The party was founded from the Tatar ASSR department of the Communist Party of the Soviet Union in December 1991. In 2002, it joined the Communist Party of the Russian Federation as a regional branch.

The CPRT was affiliated to the Union of Communist Parties - Communist Party of the Soviet Union (UCP-CPSU).

During Soviet times, one of the leaders of the Communist Party of the Tatar Autonomous Soviet Socialist Republic was Fikryat Tabeyev, who after his resignation served as USSR's ambassador to Afghanistan. He was followed by Rashid Musin, Gumer Usmanov, and Mintimer Shaimiyev.

== History==
===Organization of Communists of the Republic of Tatarstan===
On 20 November 1991, the first meeting of the organizing committee of the initiative group for the re-establishment of the communist organization of the Republic of Tatarstan took place in Kazan.

The Organization of Communists of the Republic of Tatarstan (OCRT) was founded on 15 December 1991 in Kazan. The organization's core consisted of rank-and-file communists of the CPSU who refused to accept the ban on the party, the restoration of capitalism, and the collapse of the USSR. Many of the OCRT's sub-organizations were created as continuations of the CPSU's sub-organizations. On 14 February 1992, the OCRT was registered with the Ministry of Justice of Tatarstan.

On 17 June 1992, the second stage of the initiative conference of the OCRT was held, at which the republican committee (rekom) of the OCRT consisting of 19 people was elected.
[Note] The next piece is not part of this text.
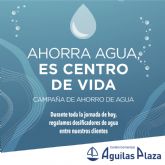 El centro comercial Águilas Plaza activa una campaña que permitirá un ahorro de agua en Águilas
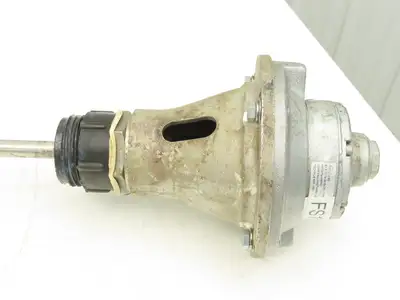 Gast 2AM-NRV-90 Pneumatic Air Motor Drum Mixer 2" Bung Agitator 30" Stainless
From its founding, the organization began mass propaganda among the population, campaigning against unpopular reforms and warning of impending poverty, unemployment, and the disenfranchisement of workers. The OCRT received an influx of members, mainly among the elderly and war veterans.

===Formation into a party===
As the organization grew in popularity, the Third Conference of the OCRT, held on 20 November 1993 in Naberezhnye Chelny, decided to transform the Organization into the Communist Party of the Republic of Tatarstan (CPRT).
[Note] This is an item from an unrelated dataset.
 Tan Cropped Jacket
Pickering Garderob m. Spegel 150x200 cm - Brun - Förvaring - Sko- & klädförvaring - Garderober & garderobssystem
The First Congress of the CPRT was held on 24-25 June 1994 in Kazan. The Congress adopted the CPRT's program.

===Unification with the CPRF===
The Third Congress of the CPRT was held on 15-16 February 1997. The Congress approved a policy of gradual rapprochement with the Communist Party of the Russian Federation (CPRF), up to and including joining "the CPRF with its own Charter and Program." The decision was reached by a narrow margin. Some party members, opposed to unification with the CPRF, decided to split, forming the Communist Party (Bolsheviks) of the Republic of Tatarstan.
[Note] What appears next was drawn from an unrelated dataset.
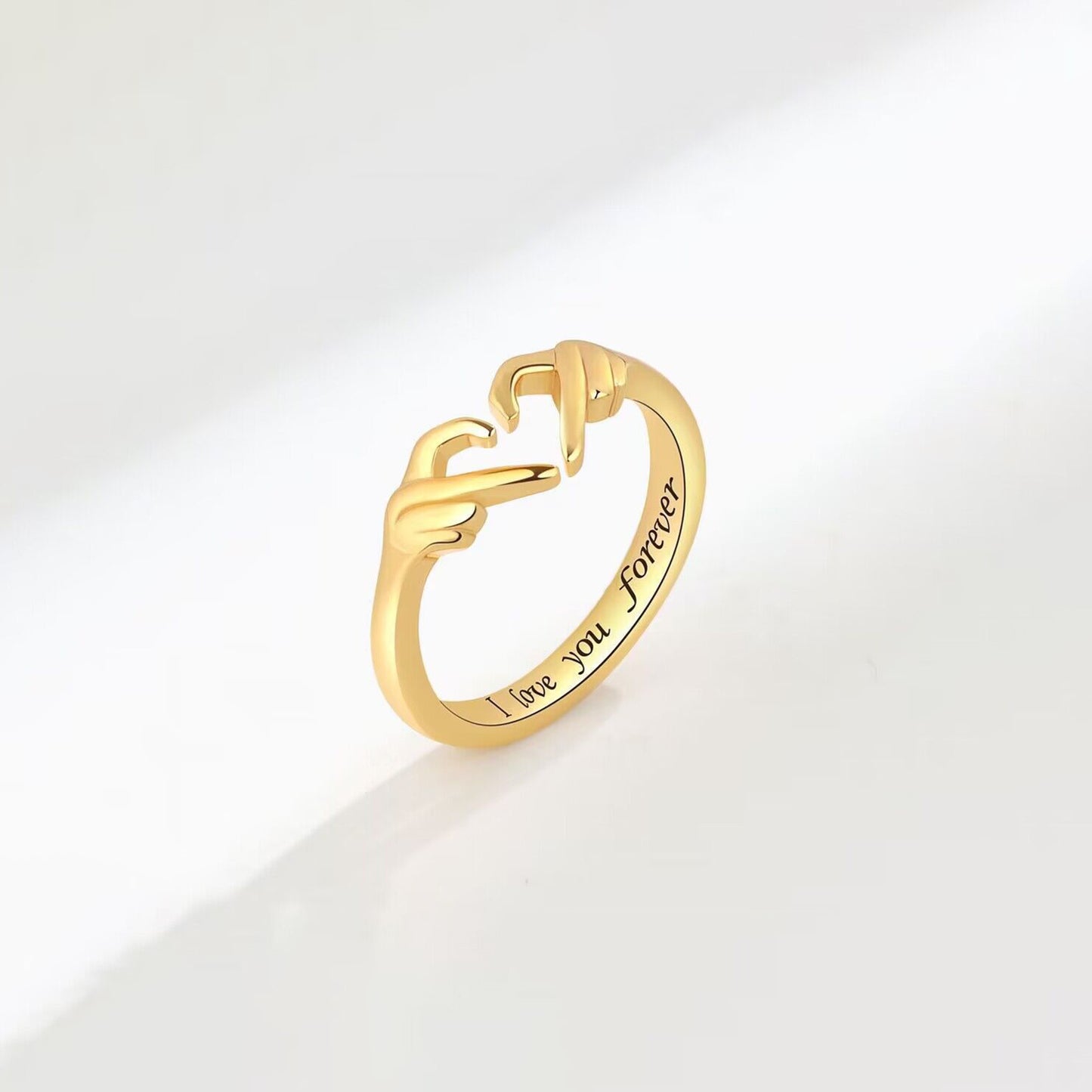 Heart Hand Adjustable Ring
Due to the split and the decision to join the CPRF, a new party charter was adopted at the Fifth Congress of the CPRT on 21 February 1998, and registered by the State Registration Chamber under the Ministry of Justice of Tatarstan on 25 March 1998. On 25 March 1999, the CPRT was re-registered as the Republican Political Public Organization "Communist Party of the Republic of Tatarstan" (RPPO "CPRT"), and on 1 April 2002, as the Tatarstan Regional Branch of the Political Party "Communist Party of the Russian Federation" (TRB "CPRF"). In accordance with the Federal Law "On Political Parties", the branch adopted the Charter of the CPRF.

The process of the CPRT's merging into the CPRF coincided with the de-sovereignization of Tatarstan. Even after the split, the CPRT retained a large number of communists with a "national orientation": some active CPRT members supported the sovereignty of Tatarstan and, consequently, the sovereignty of their organization vis-à-vis the Moscow leadership.